* [Information shown]:
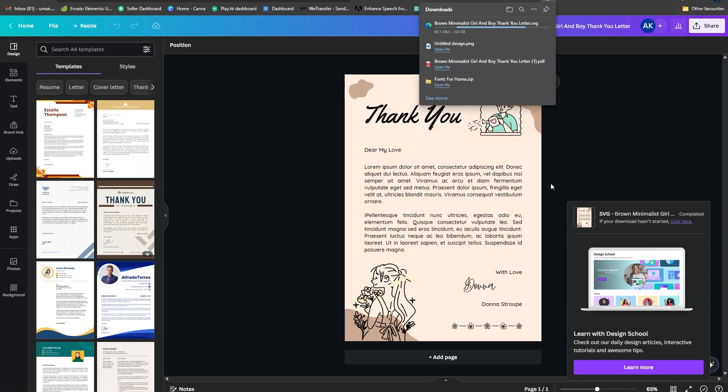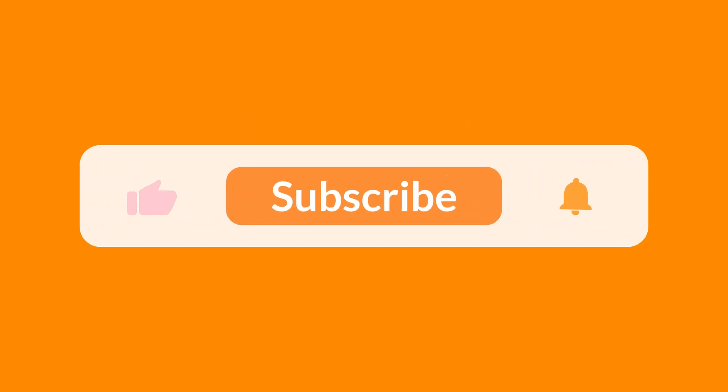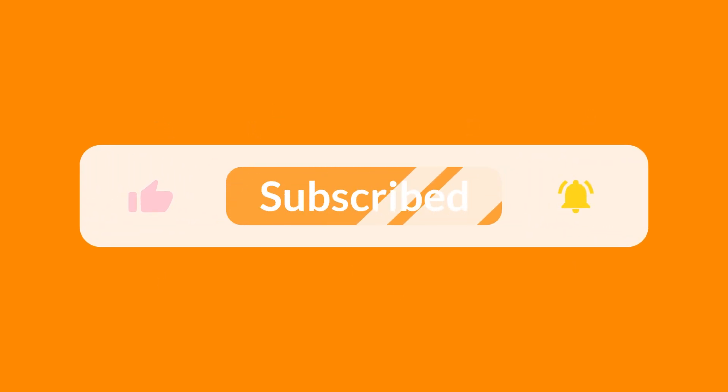So that's pretty much it. I really hope you understood the concept and found this video helpful. If you did, make sure to subscribe to the channel, like the video, and share it with your friends. Thank you for watching and see you in the next one.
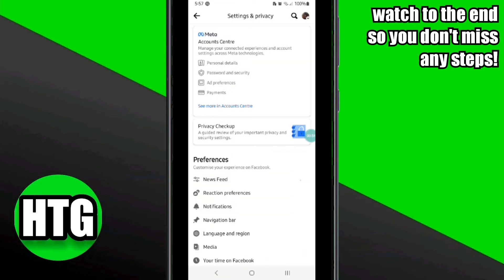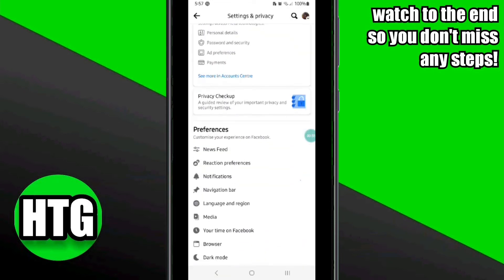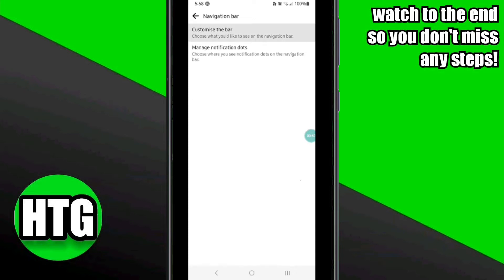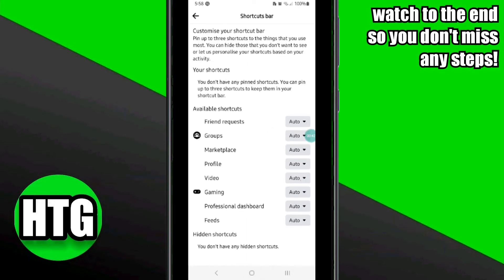From here, simply click on the Navigation Bar. On this page, click on the first option, and once you click on it, a new page will appear.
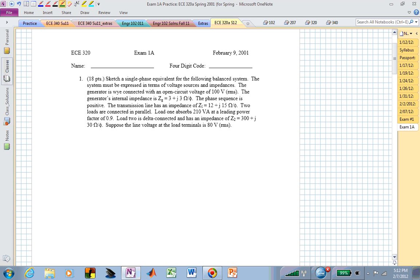The question is: are we going to be responsible for setting up power meters so that we can determine current and voltage in a given circuit? And I'm saying no, not for exam number one.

* [About this exercise]:
Repeat the material exactly and drop each image.

* [Written reply]:
So that's pretty much it. I really hope you understood the concept and found this video helpful. If you did, make sure to subscribe to the channel, like the video, and share it with your friends. Thank you for watching and see you in the next one.
From here, simply click on the Navigation Bar. On this page, click on the first option, and once you click on it, a new page will appear.
The question is: are we going to be responsible for setting up power meters so that we can determine current and voltage in a given circuit? And I'm saying no, not for exam number one.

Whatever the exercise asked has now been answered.